Why is it rude to not answer a phone if you are busy? By that logic it's rude for them to have interrupted me in the first place!

Don't really get the brave thing either.

nickelbabe · 03/10/2011 14:07

yes, muma - i think mine might have lways been there, but definitely exacerbated by working in a call centre (it was the only job going!) - I got to the end of the day, and I would be cowering at the sound of a phone going.

bunbaker - that's what answerphones are for - if they want to speak to me, I'll ring them back.

nickelbabe · 03/10/2011 14:10

btw, I do answer the door (if it's convenient, obviously)

NotADudeExactly · 03/10/2011 14:24

The only people who ever ring my door bell unexpectedly are a) proselytizers and b) bailiffs (seems the guy who used to live here before us had a bit of a debt problem).

I open for the former if bored and up for a bit of a discussion. Never for the latter. If they weren't so rude I might feel more inclined to prove that I am who I claim I am.

GetOrfMo1Land · 03/10/2011 14:30

I turned the ringer off my landphone in the end, as I never answered it, so there was no point in having it ring. If anyone wants to get hold of me they can call my mobile.

I also rarely answer the door, anyone who knows me knows that (a) I am hardly ever in anyway and (b) if I am in and want some peace I will not open the door. So anyone who wants to see me calls to arrange first. As I would then. I don't drop in on friends or family, and don't want them dropping in on me.

If I am in the kitchen and some salesman or proseletyser knocks on the door and sees me, I wave at them merrily as I walk out the door on my way to the sitting room.

I don't have to answer the door, it's my door and if I don't want to be disturbed, I think that's fine.

Laughing at the assumption that not answering the door to eon/parcelforce for next door/randomers is not contributing to society Grin

GetOrfMo1Land · 03/10/2011 14:31

And I don't know my neighbours.

I am evidently an antisocial bastard Grin

KatieMiddleton · 03/10/2011 14:42

IME if it's the old bill they don't knock and then knock again. They do a sort of continuous hammer. This has only happened once though.
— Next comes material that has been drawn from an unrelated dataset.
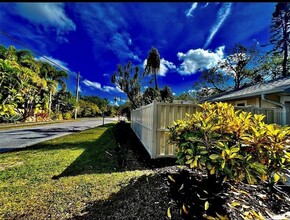 1904 S Shade Ave in Sarasota, FL - Foto de edificio - Building Photo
The only person who repeatedly knocked on my door was some nutter who wanted to know what one of the plants in my front garden was Hmm I answered the door dressed only in a dressing gown with damp hair, holding a naked, shit-smeared baby (had just got out of the shower when DS did a mammouth shit and I'd hauled him mid-nappy change because I thought it was an emergency). She then have the nerve to quiz me as to whether I was sure. I was Shock Hmm and Angry

YANBU to not answer the door.

aliceliddell · 03/10/2011 14:45

I absolutely bloody hate people dropping in. Gah! When I was less crippled, I'd have summoned the very time-limited energy to do whatever (obviously not as important as swapping gas supplier or make somebody a cup of tea) to be interrupted and therefore prevented from doing it. Gah!

HowAboutAHotCupOfShutTheHellUp · 03/10/2011 14:47

YANBU. Our doorbell buzzed y/d. My DP and I both mumbled something along the lines of 'no chance' and then just got on with whatever we were doing.